First, lets setup a database table storing the information that you want. I will build on my previous example of the fb_graph gem that polled events from a facebook page using the graph api provided by facebook. For this example we will just pull the events from a facebook page, so we’ll just create a table storing the event information. We’ll use the rails generator to generate a model to store the facebook events. This will generate the correct model files and migrations.

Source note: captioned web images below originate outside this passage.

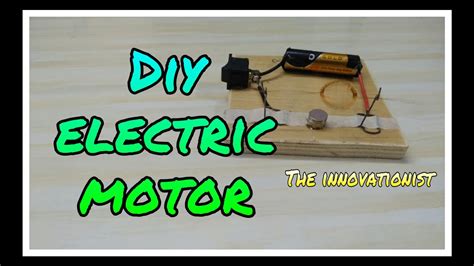 How To Make An Electric Motor Youtube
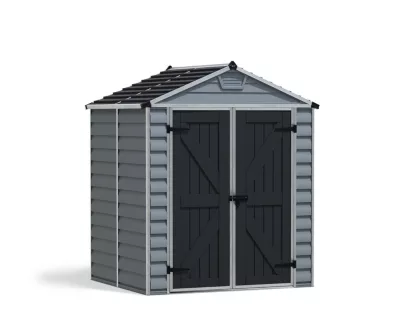 Abri de jardin Skylight polycarbonate gris foncé surface totale 2,65m²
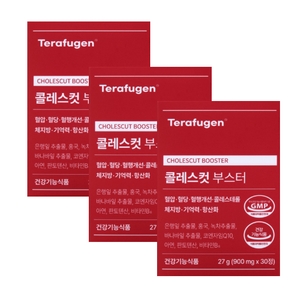 [불명] 테라퓨젠 콜레스컷 부스터 30정 (3개)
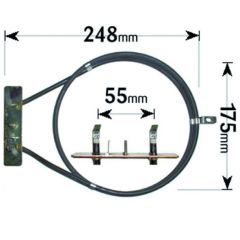 Teka Cooker Fan Oven Element 2 Turn 2000W ELE2028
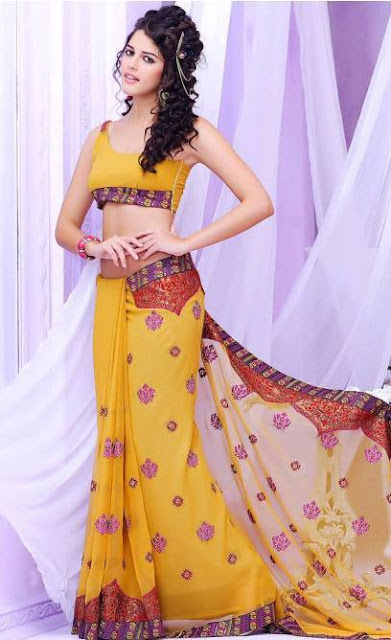 Colorful Party Wear For Women Indian Saree Designs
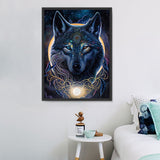 Wolf 5d Diy Diamond Painting Diamant Malerei Set MJ1478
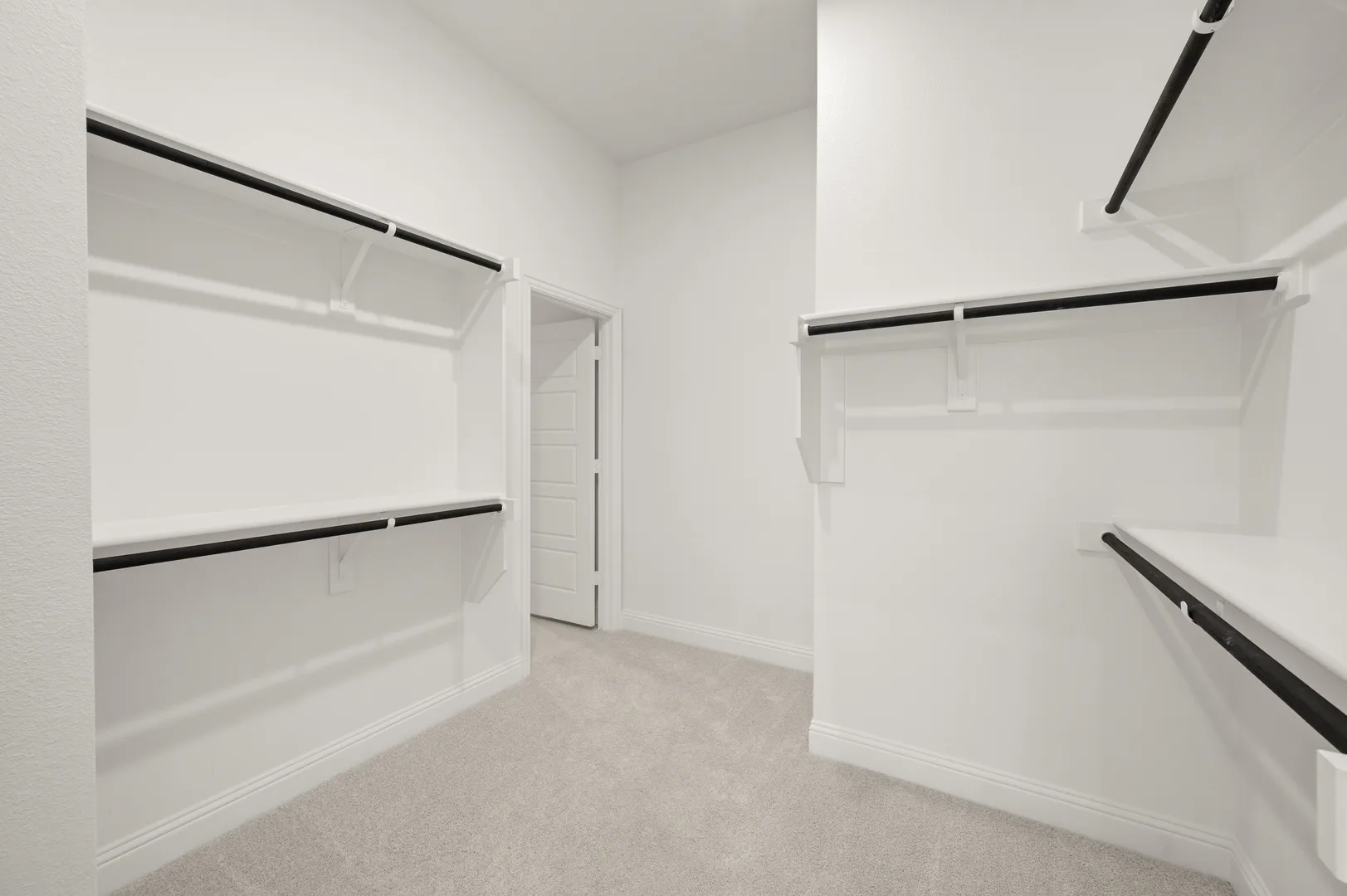 Walk-in closet in available home at Westside Preserve by Kindred Homes in Midlothian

% rails g model facebook_event name:string start_time:datetime \
end_time:datetime location:string description:text \
updated_time:datetime identifier:string picture:string

This command will generate a migration file that will setup the table which will store the information pulled from facebook. Change the column names according to whatever information you want cached. We can look at the migration file generated from the above file:

class CreateFacebookEvents < ActiveRecord::Migration
  def self.up
    create_table :facebook_events do |t|
      t.string :name
      t.datetime :start_time
      t.datetime :end_time
      t.string :location
      t.text :description
      t.datetime :updated_time
      t.string :identifier
      t.string :picture

      t.timestamps
    end
  end

  def self.down
    drop_table :facebook_events
  end
end

The highlighted lines show the columns of the table. Now we run “rake db:migrate” to run the migration. Once the table is created, we start writing our ruby script to call the facebook graph api. I created a “jobs” folder under my rails root folder to store the ruby scripts. Ruby on rails has a “runner” script that runs ruby scripts in the site environment, so we will use that to run our script. First lets move the code to access facebook out of our controller and into the script:

##################
# FACEBOOK ACCESS
##################
config = YAML::load(File.open("#{RAILS_ROOT}/config/facebook.yml"));
gscc_app = FbGraph::Application.new(config['production']['app_id']);
access_token = gscc_app.get_access_token(config['production']['client_secret']);
page_id = config['production']['page_id'];

page = FbGraph::Page.new(page_id, :access_token => access_token).fetch;

We need to know which events were updated since our last fetch, so we use the updated_time value from facebook and compare it to the stored updated_time value in our database. Here’s the code that goes through the database to find the latest updated_time in all the rows. If there are no events, then we set the last update time of the database (lutdatabase) to the earliest possible time (line 24).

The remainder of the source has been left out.